Il s'agit d'une patiente de 73 ans qui est venue consulter un gynécologue pour des métrorragies. A l'examen, aucune pathologie gynécologique n'a été observée et elle a été adressée au service d'urologie pour examen. La patiente a des antécédents personnels d'hystérectomie antérieure, il y a 20 ans, pour des léiomyomes, et consulte un urologue depuis quatre ans en raison de douleurs, d'hématurie et d'infections urinaires répétées, ayant subi un examen urologique lors des premières consultations, qui comprenait une cystoscopie avec biopsie multiple dont le résultat anatomopathologique était une inflammation et une dysplasie urothéliale. Par la suite, elle a subi des contrôles périodiques, y compris des cytologies et des cystoscopies de contrôle avec biopsie à froid, sans aucun signe de néoplasie.

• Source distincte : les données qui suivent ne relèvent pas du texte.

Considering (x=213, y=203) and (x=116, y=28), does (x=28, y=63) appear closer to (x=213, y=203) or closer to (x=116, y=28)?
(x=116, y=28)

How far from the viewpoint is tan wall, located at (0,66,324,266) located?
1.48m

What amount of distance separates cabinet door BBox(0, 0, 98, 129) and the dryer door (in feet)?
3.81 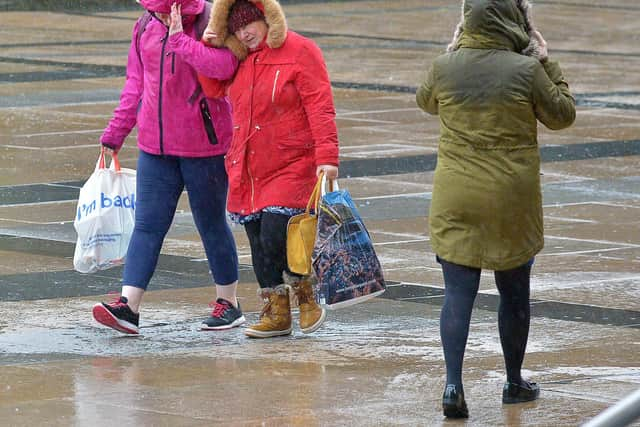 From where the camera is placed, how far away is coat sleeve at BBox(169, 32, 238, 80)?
22.8 ft

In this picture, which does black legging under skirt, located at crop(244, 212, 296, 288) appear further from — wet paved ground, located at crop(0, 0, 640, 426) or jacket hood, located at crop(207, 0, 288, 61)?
jacket hood, located at crop(207, 0, 288, 61)

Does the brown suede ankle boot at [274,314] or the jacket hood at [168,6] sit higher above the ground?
the jacket hood at [168,6]

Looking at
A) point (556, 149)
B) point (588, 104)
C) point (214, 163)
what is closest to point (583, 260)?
point (214, 163)

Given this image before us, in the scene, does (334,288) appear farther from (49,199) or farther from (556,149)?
(556,149)

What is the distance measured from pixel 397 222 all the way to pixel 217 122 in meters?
3.40

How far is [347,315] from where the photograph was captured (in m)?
7.66

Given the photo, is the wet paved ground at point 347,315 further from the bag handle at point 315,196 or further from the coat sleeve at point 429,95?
the coat sleeve at point 429,95

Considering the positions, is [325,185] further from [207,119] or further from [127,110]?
[127,110]

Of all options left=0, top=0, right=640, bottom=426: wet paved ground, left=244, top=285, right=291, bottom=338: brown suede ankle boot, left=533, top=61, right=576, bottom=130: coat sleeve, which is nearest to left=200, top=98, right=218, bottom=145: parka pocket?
left=244, top=285, right=291, bottom=338: brown suede ankle boot

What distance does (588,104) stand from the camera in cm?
1769

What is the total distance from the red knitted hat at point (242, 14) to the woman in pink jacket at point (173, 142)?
13cm

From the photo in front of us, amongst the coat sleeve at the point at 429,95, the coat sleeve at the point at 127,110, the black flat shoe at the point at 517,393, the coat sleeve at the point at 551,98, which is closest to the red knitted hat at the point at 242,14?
the coat sleeve at the point at 127,110

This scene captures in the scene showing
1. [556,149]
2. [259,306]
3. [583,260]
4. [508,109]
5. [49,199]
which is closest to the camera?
[508,109]

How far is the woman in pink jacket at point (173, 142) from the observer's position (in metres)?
7.06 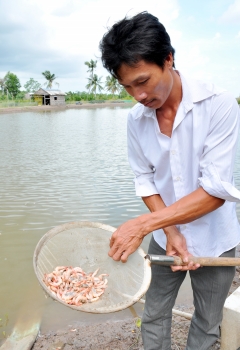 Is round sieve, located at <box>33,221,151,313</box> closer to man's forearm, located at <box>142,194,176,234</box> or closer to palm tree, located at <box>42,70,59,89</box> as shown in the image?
man's forearm, located at <box>142,194,176,234</box>

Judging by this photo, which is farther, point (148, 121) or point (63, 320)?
point (63, 320)

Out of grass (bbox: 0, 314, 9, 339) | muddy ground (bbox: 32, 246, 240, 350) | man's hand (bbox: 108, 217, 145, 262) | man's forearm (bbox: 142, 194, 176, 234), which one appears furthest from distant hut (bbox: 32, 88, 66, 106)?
man's hand (bbox: 108, 217, 145, 262)

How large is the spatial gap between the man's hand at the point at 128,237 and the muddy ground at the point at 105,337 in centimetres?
140

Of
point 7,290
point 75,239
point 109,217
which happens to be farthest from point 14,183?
point 75,239

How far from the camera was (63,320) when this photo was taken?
3613 mm

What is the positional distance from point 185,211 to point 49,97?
165 feet

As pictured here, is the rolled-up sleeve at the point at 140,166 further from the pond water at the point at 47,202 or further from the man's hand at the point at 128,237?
the pond water at the point at 47,202

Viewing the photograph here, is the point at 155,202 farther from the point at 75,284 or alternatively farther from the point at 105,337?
the point at 105,337

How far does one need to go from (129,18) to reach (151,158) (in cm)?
70

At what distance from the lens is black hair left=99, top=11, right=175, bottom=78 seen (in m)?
1.56

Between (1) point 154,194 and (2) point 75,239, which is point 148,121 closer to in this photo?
(1) point 154,194

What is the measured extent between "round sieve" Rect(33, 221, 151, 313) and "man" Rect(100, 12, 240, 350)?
0.14 meters

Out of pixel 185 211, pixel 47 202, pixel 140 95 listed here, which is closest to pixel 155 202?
pixel 185 211

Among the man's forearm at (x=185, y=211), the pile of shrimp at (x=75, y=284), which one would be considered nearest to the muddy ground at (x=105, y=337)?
the pile of shrimp at (x=75, y=284)
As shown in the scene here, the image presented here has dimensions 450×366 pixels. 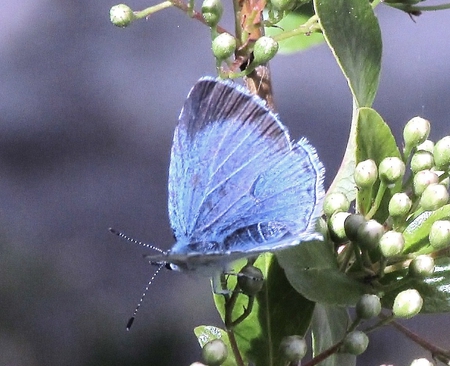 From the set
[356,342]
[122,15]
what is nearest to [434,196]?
[356,342]

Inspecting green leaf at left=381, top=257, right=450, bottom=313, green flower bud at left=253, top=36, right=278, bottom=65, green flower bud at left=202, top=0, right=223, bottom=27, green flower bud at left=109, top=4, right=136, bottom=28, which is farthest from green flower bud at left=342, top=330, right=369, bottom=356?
green flower bud at left=109, top=4, right=136, bottom=28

Lorsqu'elle a été adressée par le service de gynécologie, une échographie a été réalisée, au cours de laquelle une image hypoéchogène a été observée près de la vessie, et un scanner a été recommandé. Le scanner pelvien a montré une tumeur ovale, aux contours bien définis, à la densité des tissus mous, légèrement hétérogène, d'un diamètre maximal d'environ 5 cm, située à proximité du bord antérieur gauche de la vessie sans communication avec la lumière vésicale, présentant des marges mal définies avec une infiltration apparente de la graisse périvésicale, et qui sur la marge antérieure et inférieure présente une image linéaire de densité des tissus mous qui semble entrer en contact avec la paroi abdominale.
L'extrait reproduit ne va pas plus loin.